Defining High Availability

scottalanmiller

@dafyre said in Defining High Availability:

@scottalanmiller said in Defining High Availability:

@dafyre said in Defining High Availability:

Would it be correct for me to assume that most SMBs focus on the overall Availability of an entire system (whether that be a single server, or multiple servers) ?

Not that I have seen, very much the opposite . SMBs seem to focus on the availability of a single layer, often one chosen at random, without even considering the availability of the entire system.

For example, they tend to focus on layers like platform where products with an "HA checkbox" exist but ignore layers on which they depends (storage, power, WAN, cooling, etc.) or layers that depend on the platform (OS, application, LAN) so that a large investment in "HA products" is lost when the other components above and below the layer with HA features don't support HA through to the end users.

IE: Buying a two node, fully replicated SAN, but not buying redundant UPSes and Network switches?

Exactly.

Dashrender

@dafyre said in Defining High Availability:

Would it be correct for me to assume that most SMBs focus on the overall Availability of an entire system (whether that be a single server, or multiple servers) ?

See, I was going to say - Yes - they focus on the overall availability, but do so not understanding there is more than one layer and only focus on the layer with the checkboxes - lack of critical thinking.

dafyre

@Dashrender said in Defining High Availability:

@dafyre said in Defining High Availability:

Would it be correct for me to assume that most SMBs focus on the overall Availability of an entire system (whether that be a single server, or multiple servers) ?
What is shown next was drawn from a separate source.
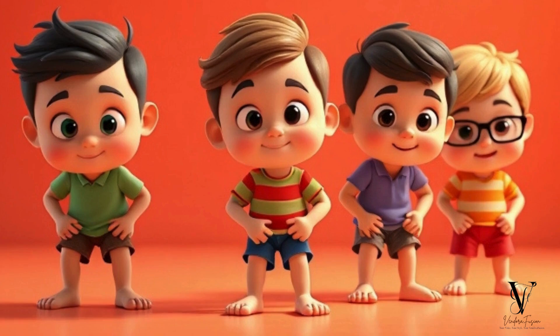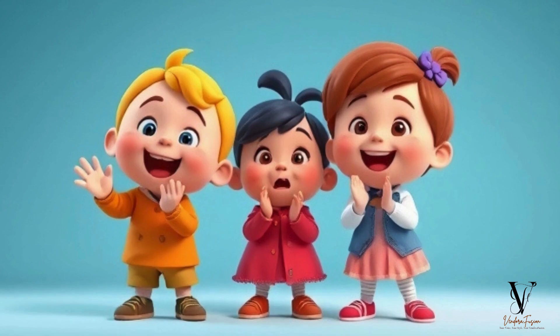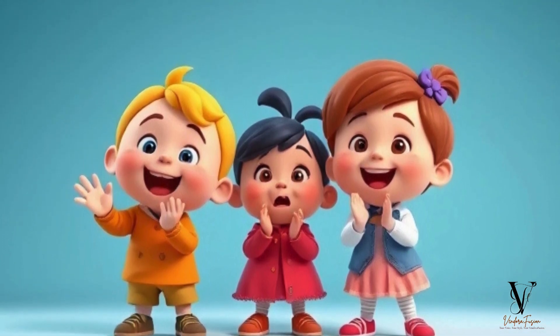Head and shoulders, knees and toes, fingers, thumbs and hair. Oh, what fun it is to learn our body parts with care.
See, I was going to say - Yes - they focus on the overall availability, but do so not understanding there is more than one layer and only focus on the layer with the checkboxes - lack of critical thinking.

Exactly. Critical thinking is what lead us to purchasing an Active/Active 2-node SAN Cluster along side our VMware infrastructure at my last job...
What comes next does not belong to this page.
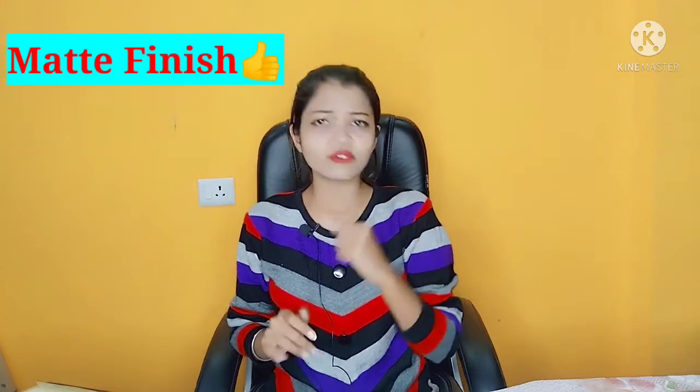Is it waterproof or not? Let's check out. Oh wow, it is waterproof — I can see it is not removed, and it is good. So if you want a waterproof matte finish foundation, this foundation you can take. The jar price is only 300, and if you have a discount, even better.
Q: "What happens if we lost power to this building for 5 minutes?"
A: We're fine, we have UPSes.

Q: "What happens if we lost power to this building for 5 days?"
A: We're screwed unless we buy a backup generator.
BOSS: We have an underutilized generator in another building.
IT: Can we get a room in that building?

scottalanmiller

@Dashrender said in Defining High Availability:

@dafyre said in Defining High Availability:

Would it be correct for me to assume that most SMBs focus on the overall Availability of an entire system (whether that be a single server, or multiple servers) ?

See, I was going to say - Yes - they focus on the overall availability, but do so not understanding there is more than one layer and only focus on the layer with the checkboxes - lack of critical thinking.
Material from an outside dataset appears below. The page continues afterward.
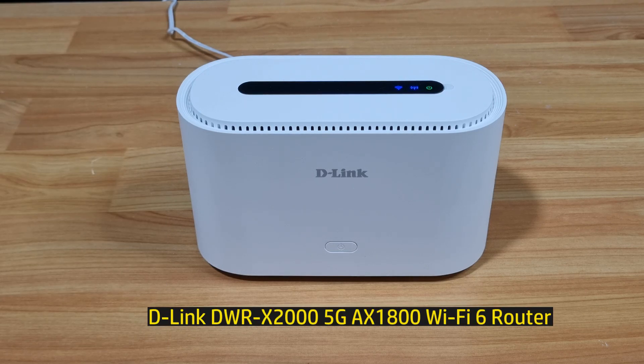This is how you unbox, set up, and use the D-Link DWR-X2000 5G AX1800 Wi-Fi 6 router.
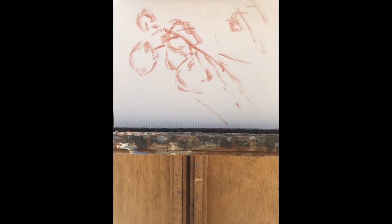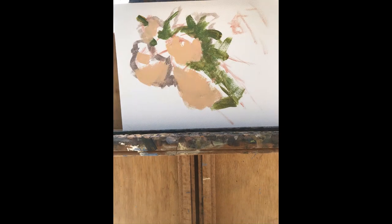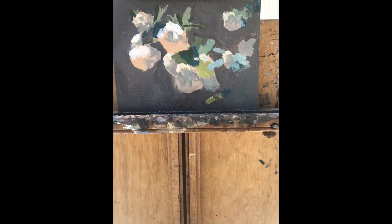I begin by drawing my subject matter on the panel with a bristle brush using a thin wash of burnt sienna. Then I proceed to begin the block-in phase. I use my background color to fill in some of the negative space and sculpt the outlines of the flowers. I also put some of the color into the flowers and leaves.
That's the same as not focusing on it at all.

Dashrender

@scottalanmiller said in Defining High Availability:

@Dashrender said in Defining High Availability:

@dafyre said in Defining High Availability:

Would it be correct for me to assume that most SMBs focus on the overall Availability of an entire system (whether that be a single server, or multiple servers) ?

See, I was going to say - Yes - they focus on the overall availability, but do so not understanding there is more than one layer and only focus on the layer with the checkboxes - lack of critical thinking.

That's the same as not focusing on it at all.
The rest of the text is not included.